_Problem requirements_
Please reproduce the data exactly, though every picture must stay out.

*** Material provided Section Begins ***

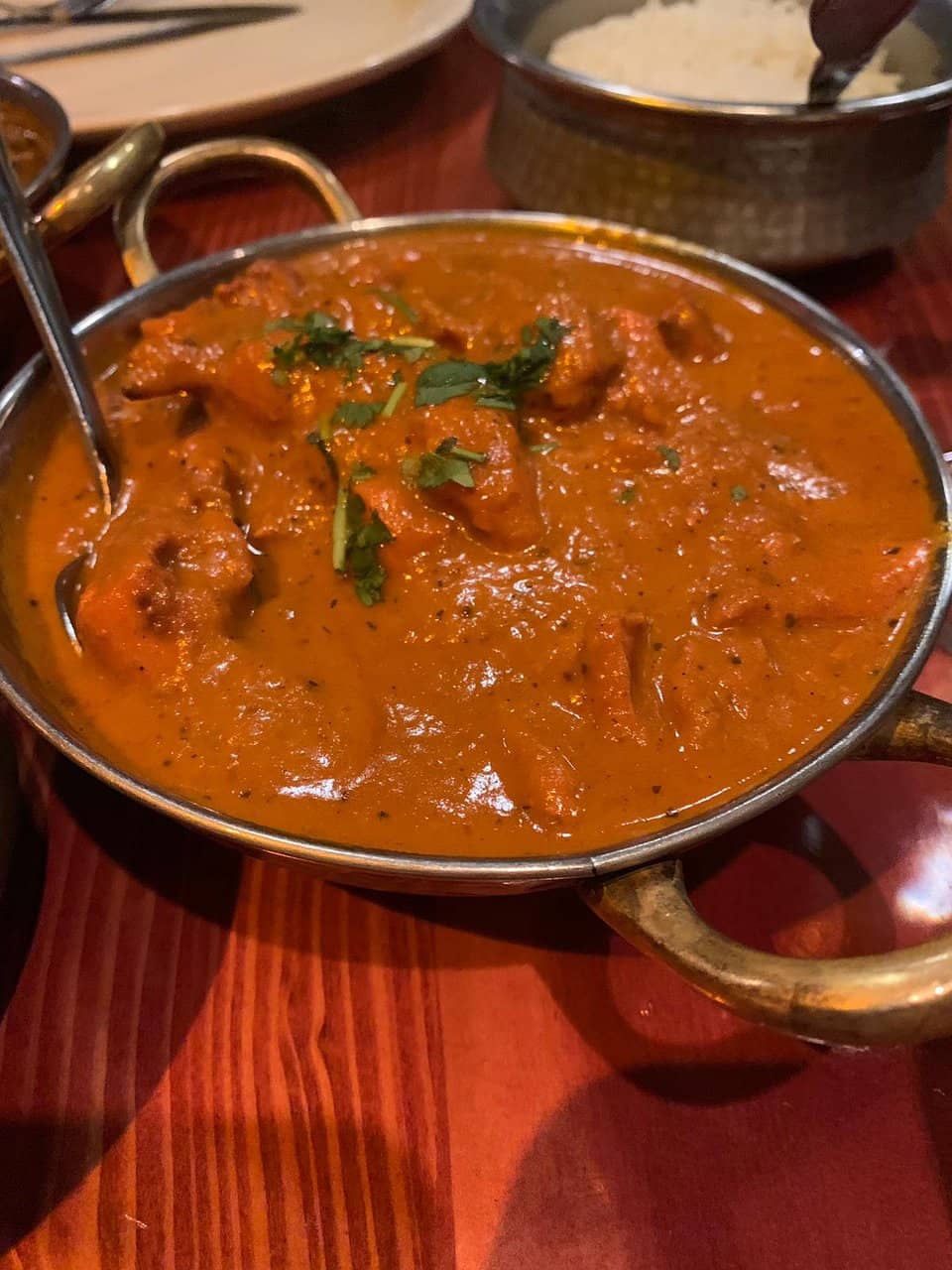 Delectable Appetizers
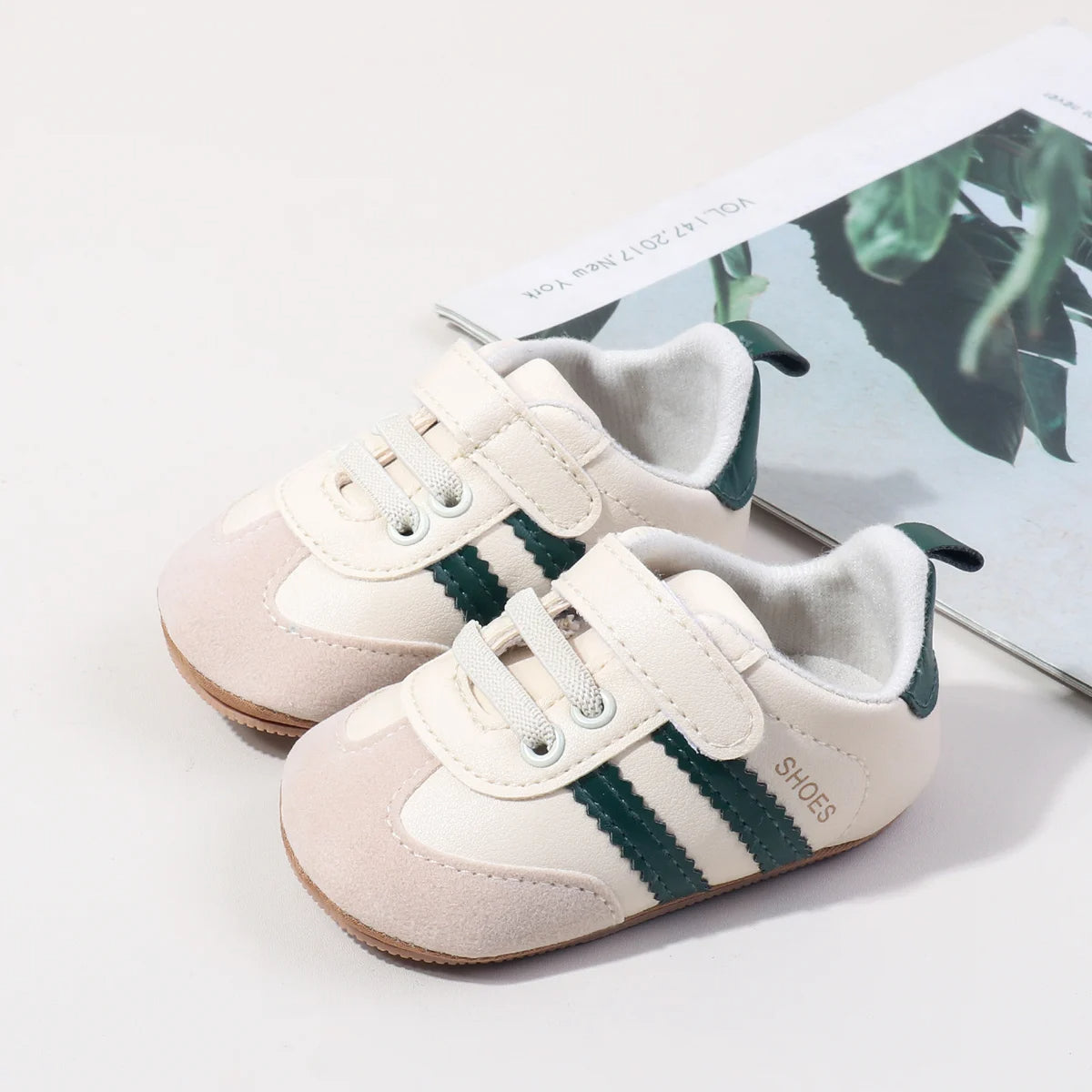 Urban Step – Verno İlk Adım Sneaker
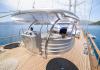 SILVER MOON - gulet 2013  yacht charter Kos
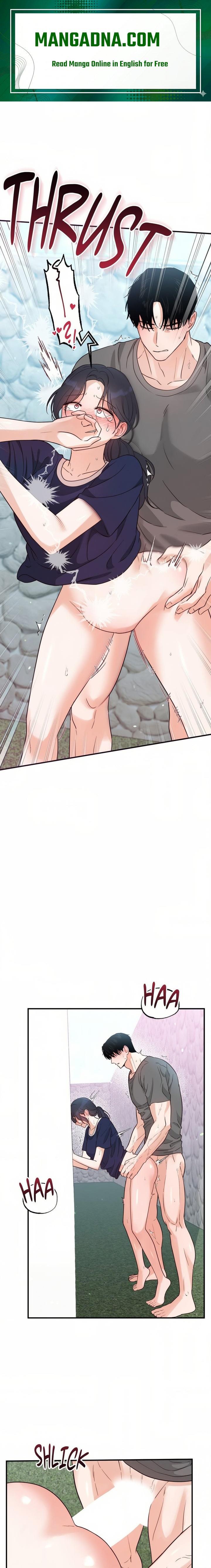 Bestfriend’s Boyfriend - Chapter 11 Page 1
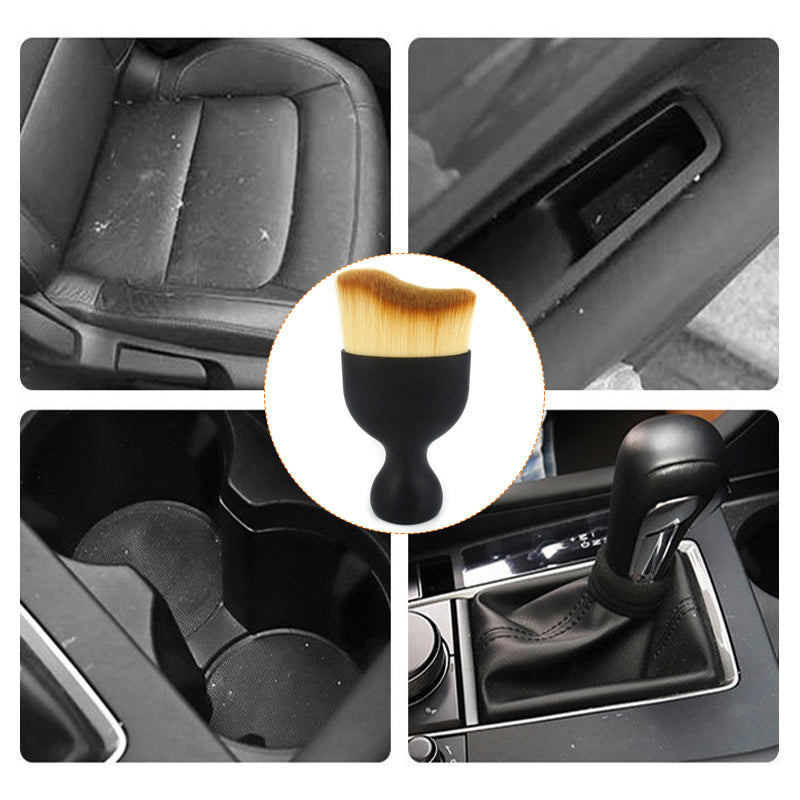 Outils de nettoyage pour l'intérieur de la voiture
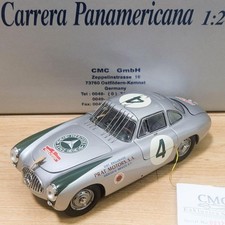 CMC 1/24 Mercedes-Benz 300SL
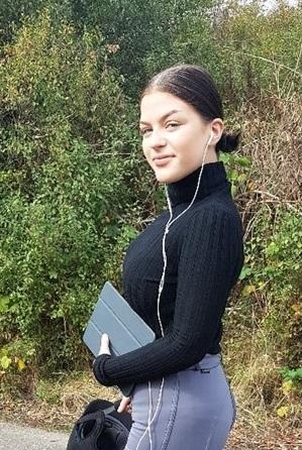 Vesta Mejerovaitė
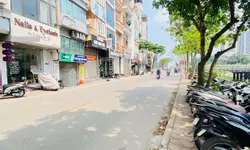 NGỌC THỤY – LONG BIÊN - Ô TÔ VÀO NHÀ • KINH DOANH TỐT • 5 TẦNG-anh-13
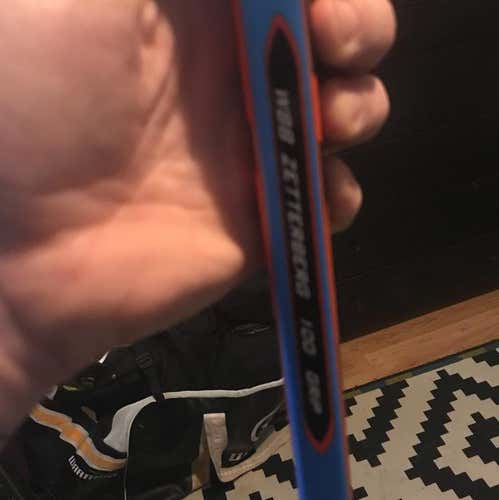 Covert Qrl 100 Flex Rh W 88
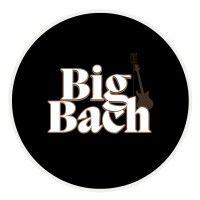 big bach logo image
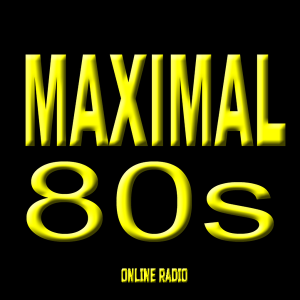 Maximal 80s-logo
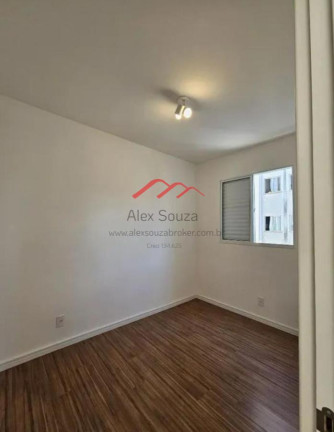 Imagem Apartamento com 2 Quartos à Venda, 52 m² em Jardim São Bento - Hortolândia Imagem Apartamento com 2 Quartos à Venda, 52 m² em Jardim São Bento - Hortolândia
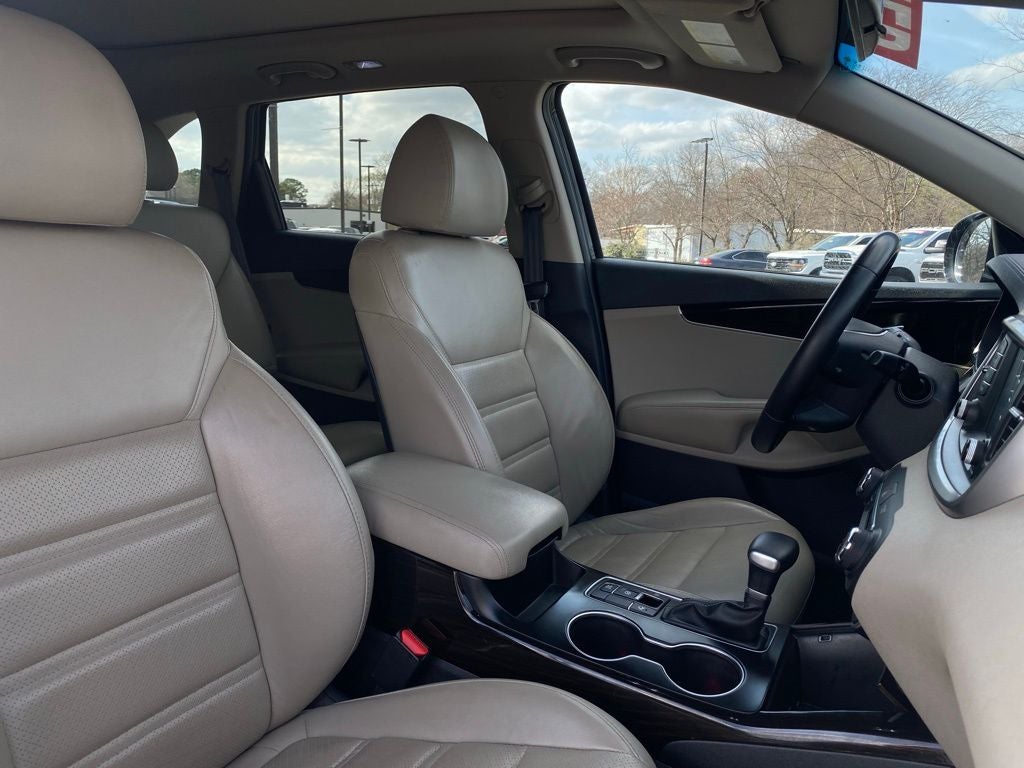 2020 Kia Sorento EX
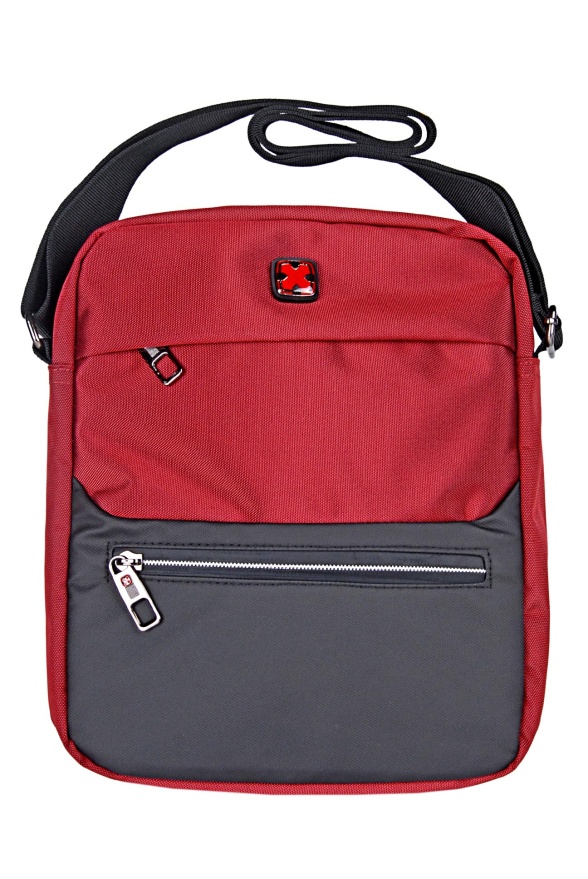 detail Textilní shopper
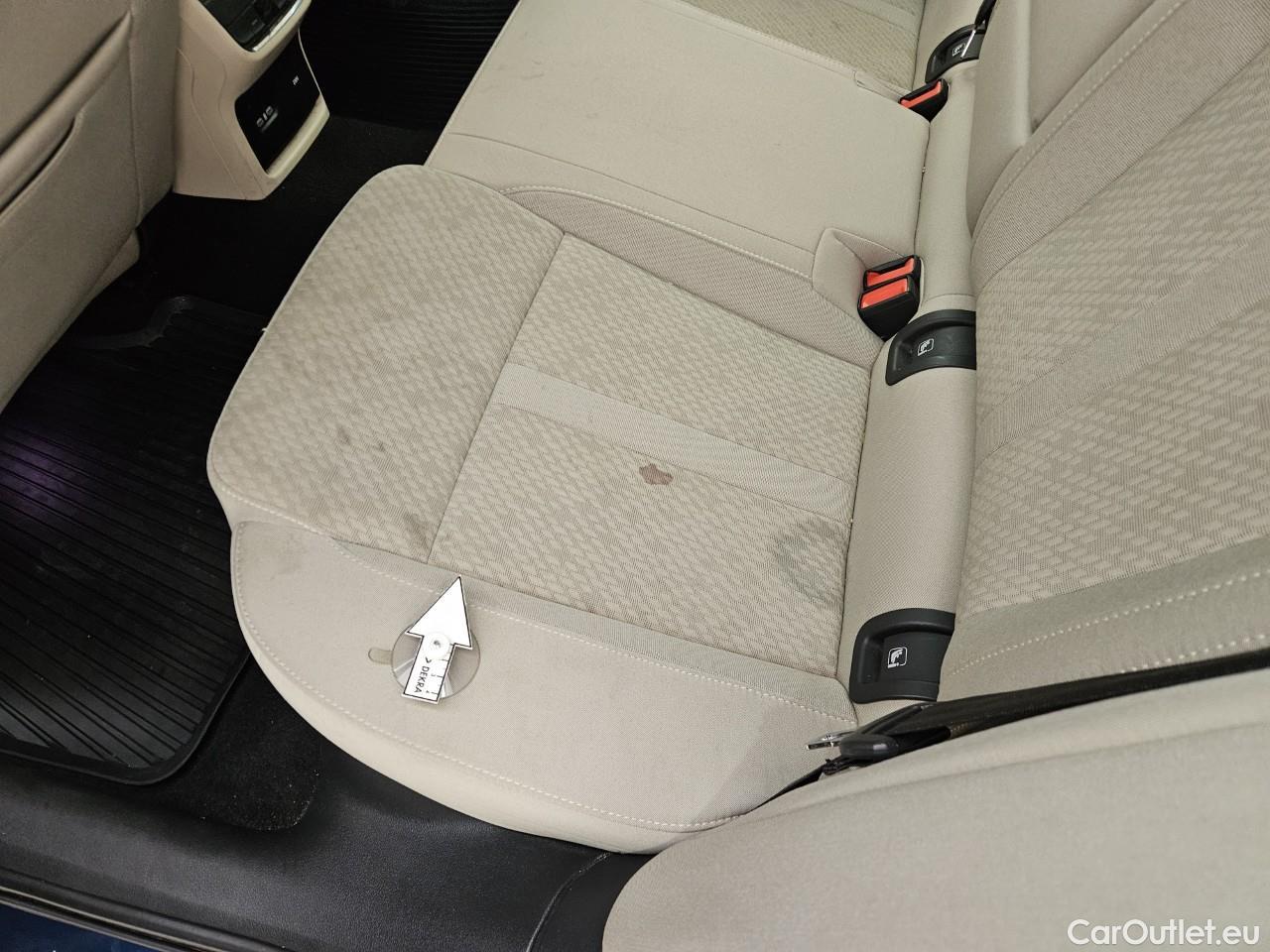  Skoda  Octavia 1.5 TSI MHEV Style Combi DSG #76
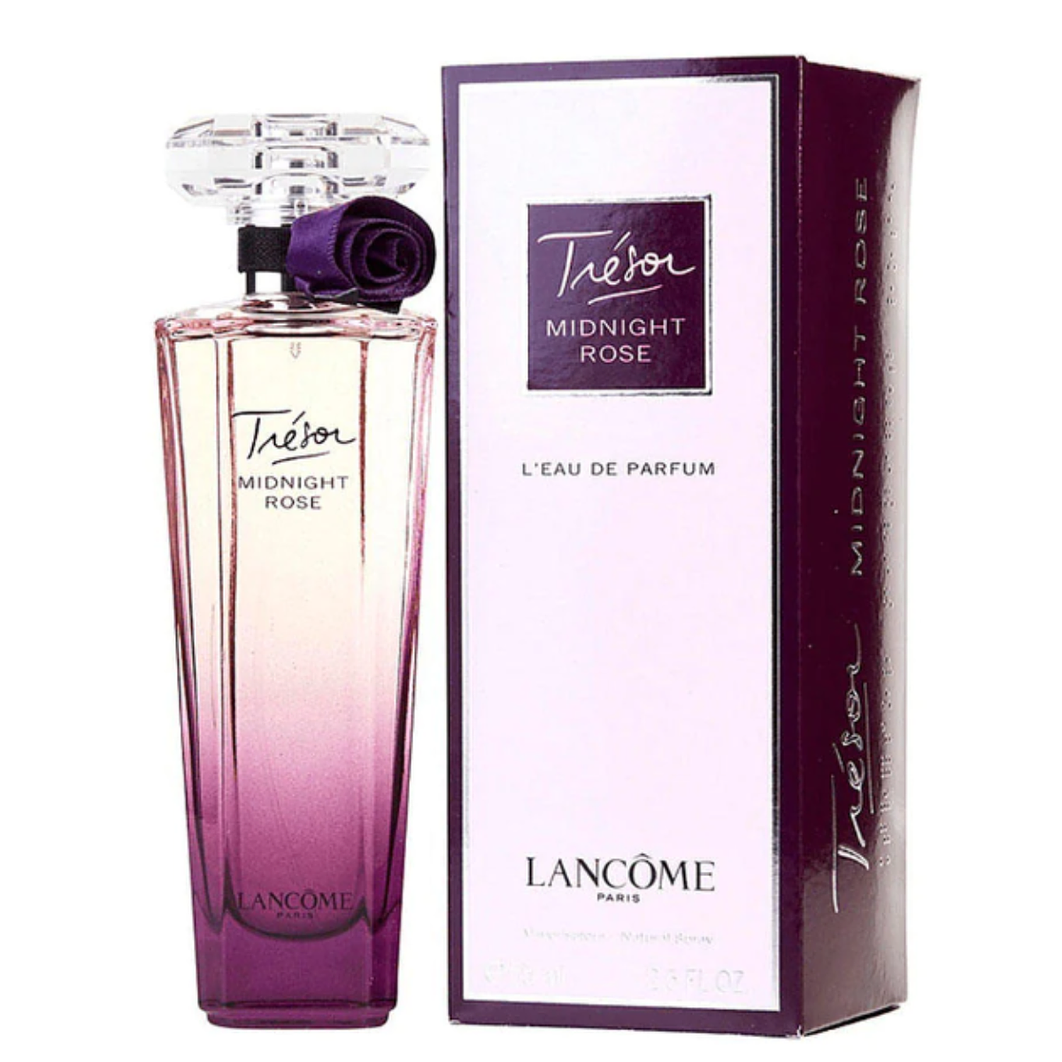 TRESOR MIDNIGHT ROSE 50ML 1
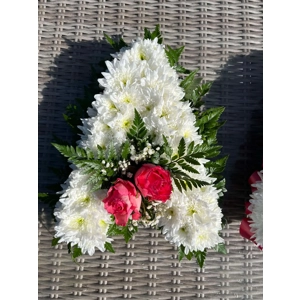 Fresh named letter trib..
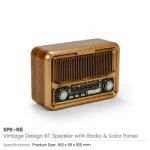 Vintage-Design-Bluetooth-Speaker-with-Radio-and-Solar-Panel-SPK-R8-Features-600×600
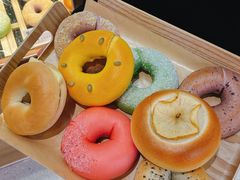 -One Bagel·一个贝果(凯德mall大峡谷店)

*** Material provided Section Ends ***

_Completed task_
 Delectable Appetizers
 Urban Step – Verno İlk Adım Sneaker
 SILVER MOON - gulet 2013  yacht charter Kos
 Bestfriend’s Boyfriend - Chapter 11 Page 1
 Outils de nettoyage pour l'intérieur de la voiture
 CMC 1/24 Mercedes-Benz 300SL
 Vesta Mejerovaitė
 NGỌC THỤY – LONG BIÊN - Ô TÔ VÀO NHÀ • KINH DOANH TỐT • 5 TẦNG-anh-13
 Covert Qrl 100 Flex Rh W 88
 big bach logo image
 Maximal 80s-logo
 Imagem Apartamento com 2 Quartos à Venda, 52 m² em Jardim São Bento - Hortolândia Imagem Apartamento com 2 Quartos à Venda, 52 m² em Jardim São Bento - Hortolândia
 2020 Kia Sorento EX
 detail Textilní shopper
  Skoda  Octavia 1.5 TSI MHEV Style Combi DSG #76
 TRESOR MIDNIGHT ROSE 50ML 1
 Fresh named letter trib..
 Vintage-Design-Bluetooth-Speaker-with-Radio-and-Solar-Panel-SPK-R8-Features-600×600
 -One Bagel·一个贝果(凯德mall大峡谷店)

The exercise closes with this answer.